* **Exercise**
Each line in the data holding "Navy" should be listed.

* **Extracted information**

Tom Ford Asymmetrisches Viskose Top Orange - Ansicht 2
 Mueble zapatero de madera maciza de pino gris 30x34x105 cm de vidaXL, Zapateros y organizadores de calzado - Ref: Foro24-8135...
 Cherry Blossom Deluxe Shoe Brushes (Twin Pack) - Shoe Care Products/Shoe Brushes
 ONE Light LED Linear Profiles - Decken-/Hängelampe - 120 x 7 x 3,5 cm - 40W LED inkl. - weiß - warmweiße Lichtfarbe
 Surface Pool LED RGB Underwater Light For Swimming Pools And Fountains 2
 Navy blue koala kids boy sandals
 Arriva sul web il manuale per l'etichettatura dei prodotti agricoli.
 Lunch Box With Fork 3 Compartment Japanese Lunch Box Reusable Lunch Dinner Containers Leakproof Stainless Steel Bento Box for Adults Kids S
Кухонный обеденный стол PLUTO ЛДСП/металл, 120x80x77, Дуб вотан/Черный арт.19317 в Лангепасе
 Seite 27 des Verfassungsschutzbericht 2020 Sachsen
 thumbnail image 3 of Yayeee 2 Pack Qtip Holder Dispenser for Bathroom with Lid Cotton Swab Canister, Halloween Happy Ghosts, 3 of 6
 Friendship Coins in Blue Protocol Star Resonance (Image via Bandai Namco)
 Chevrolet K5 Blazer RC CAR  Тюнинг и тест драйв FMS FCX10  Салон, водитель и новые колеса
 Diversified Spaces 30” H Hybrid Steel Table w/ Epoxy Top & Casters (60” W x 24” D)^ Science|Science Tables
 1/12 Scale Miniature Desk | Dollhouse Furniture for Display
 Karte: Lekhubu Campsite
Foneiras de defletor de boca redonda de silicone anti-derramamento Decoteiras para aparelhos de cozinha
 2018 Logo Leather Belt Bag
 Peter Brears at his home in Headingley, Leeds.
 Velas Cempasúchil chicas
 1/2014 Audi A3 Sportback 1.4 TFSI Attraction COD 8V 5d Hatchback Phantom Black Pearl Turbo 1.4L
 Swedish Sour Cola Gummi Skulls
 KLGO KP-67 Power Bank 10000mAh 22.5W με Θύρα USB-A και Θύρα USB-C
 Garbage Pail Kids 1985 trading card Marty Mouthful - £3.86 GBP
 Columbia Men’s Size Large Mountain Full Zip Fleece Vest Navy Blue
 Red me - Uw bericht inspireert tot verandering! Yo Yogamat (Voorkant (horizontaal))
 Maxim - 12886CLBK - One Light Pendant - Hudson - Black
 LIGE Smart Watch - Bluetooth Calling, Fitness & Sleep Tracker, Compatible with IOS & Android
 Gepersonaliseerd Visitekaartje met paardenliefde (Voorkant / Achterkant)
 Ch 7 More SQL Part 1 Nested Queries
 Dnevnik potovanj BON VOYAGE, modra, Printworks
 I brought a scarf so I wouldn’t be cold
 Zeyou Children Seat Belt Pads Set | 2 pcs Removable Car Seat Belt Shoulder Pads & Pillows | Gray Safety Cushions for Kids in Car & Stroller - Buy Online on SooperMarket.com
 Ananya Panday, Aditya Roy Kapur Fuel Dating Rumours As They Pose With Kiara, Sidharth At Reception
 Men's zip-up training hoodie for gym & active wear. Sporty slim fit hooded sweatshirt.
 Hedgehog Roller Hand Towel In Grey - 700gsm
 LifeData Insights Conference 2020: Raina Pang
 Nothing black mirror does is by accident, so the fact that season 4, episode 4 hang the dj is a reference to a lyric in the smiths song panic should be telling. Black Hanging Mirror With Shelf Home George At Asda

* **Expected output**
 Navy blue koala kids boy sandals
 Columbia Men’s Size Large Mountain Full Zip Fleece Vest Navy Blue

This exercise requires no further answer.